やっと手にした三田文学。特に文学少年でもない僕が三田文学など合うはずが無いけれども、900円払ってまでも読んでみたかった小説が載っていたから買った。25歳にしてその命を自ら立った青年が遺した、原稿用紙140枚分の文章。本人が慶大法学部卒との事もあり、ご遺族が三田文学に寄稿され、「25歳の遺稿」と銘打って巻頭小説として掲載された。
始めは小説のように文章が進んでいった。しかし、毎日一章のペースなのだろうか、章が進むにつれて、日々の心境の変化というかリズムというか、そういったものが見えて来た。
鬱にあって、その中で毎日のようにいろいろな事を考えている筆者。

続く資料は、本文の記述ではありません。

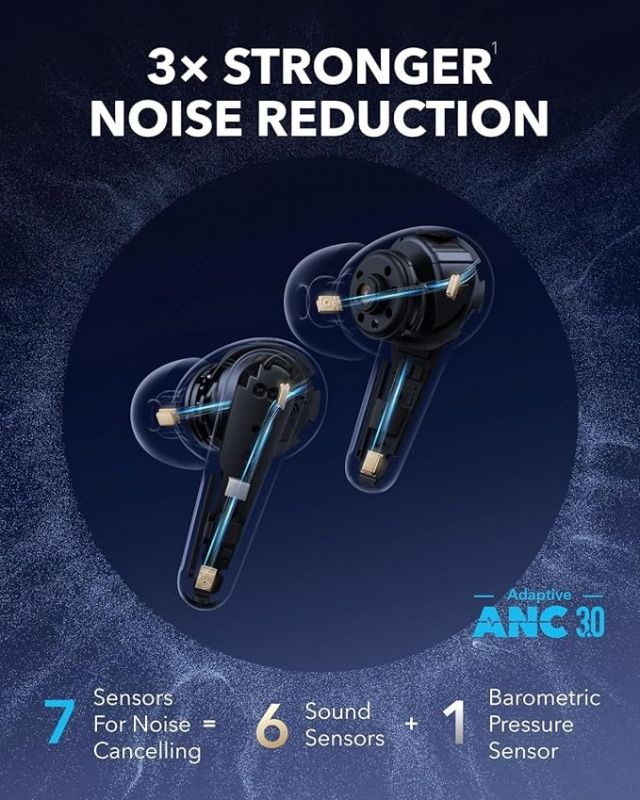 Bluetooth-гарнітура Anker SoundCore Liberty 4 Pro Black Matte (A3954G11)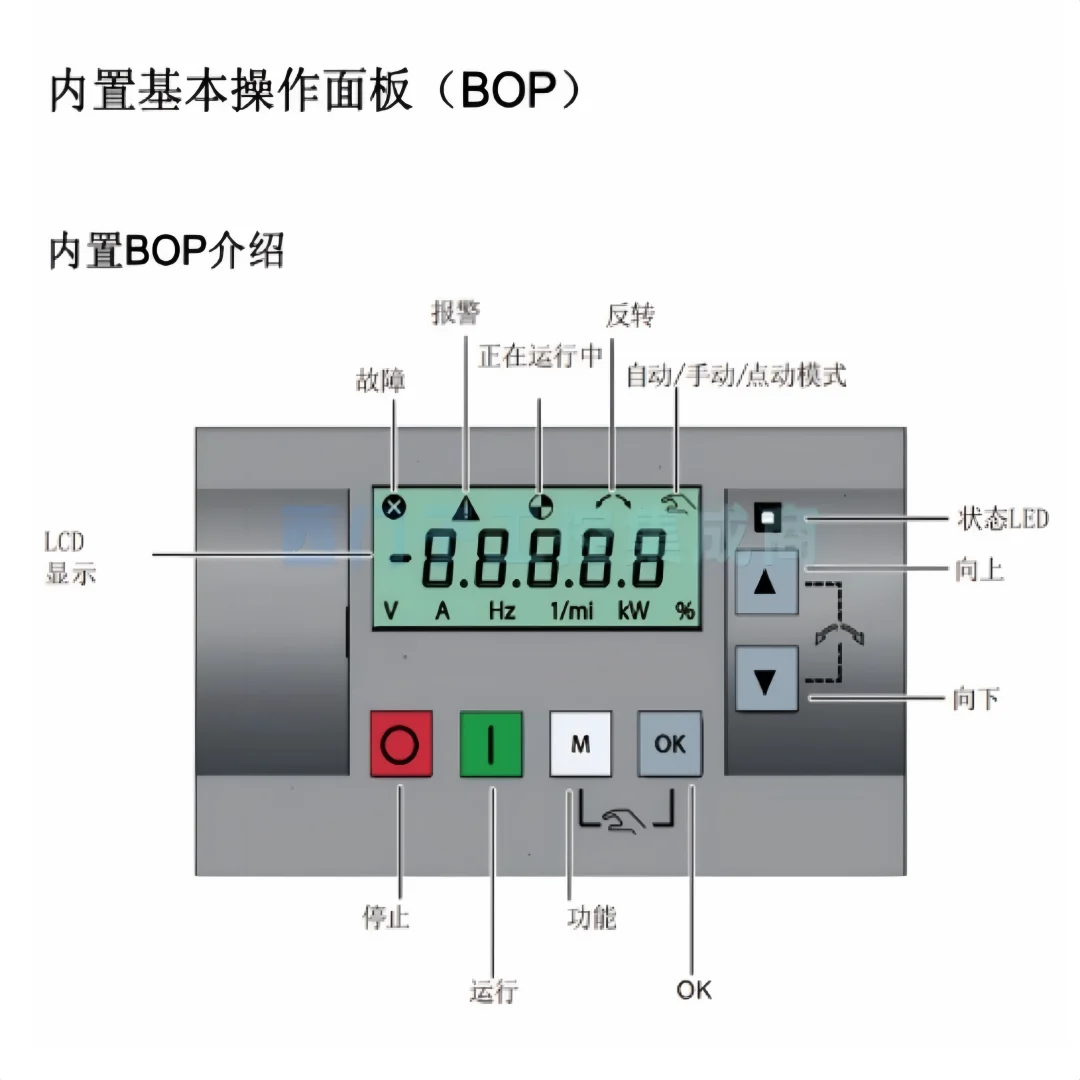 SIEMENS基本型变频器‼️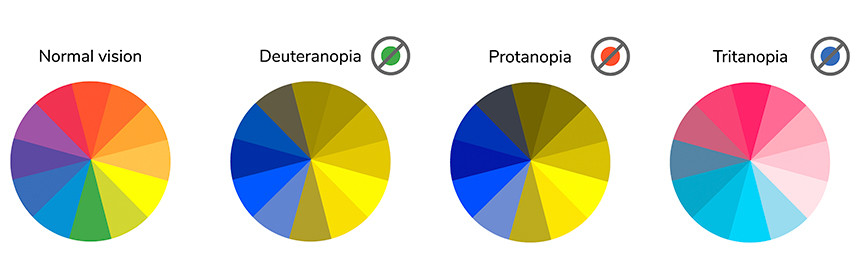 Diferentes tipos de daltonismo representados por círculos de diversos colores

心境や考えの変化が文章に現れていて、それらが生々しいというかリアルというか。「遺書」に続けて、なぜ若者は死に至ってしまったのか、そこに至るまでのプロセスなり心境なり、「なぜそうなったのか」に思いを馳せると切なくなります。
考えるという事、愛するという事、生きるという事、深く考えるきっかけを与えてくれました。何度も読み返して考えを深めねばと考えます。
読んでみて下さい。それは、生きるためです。亡くなった作者はなぜ遺作を著したのか。そこには「生」へのメッセージが含まれていると考えるのです。生きるために読み返して考えを深めたい。生きるために皆さんにも読んでもらいたい作品です。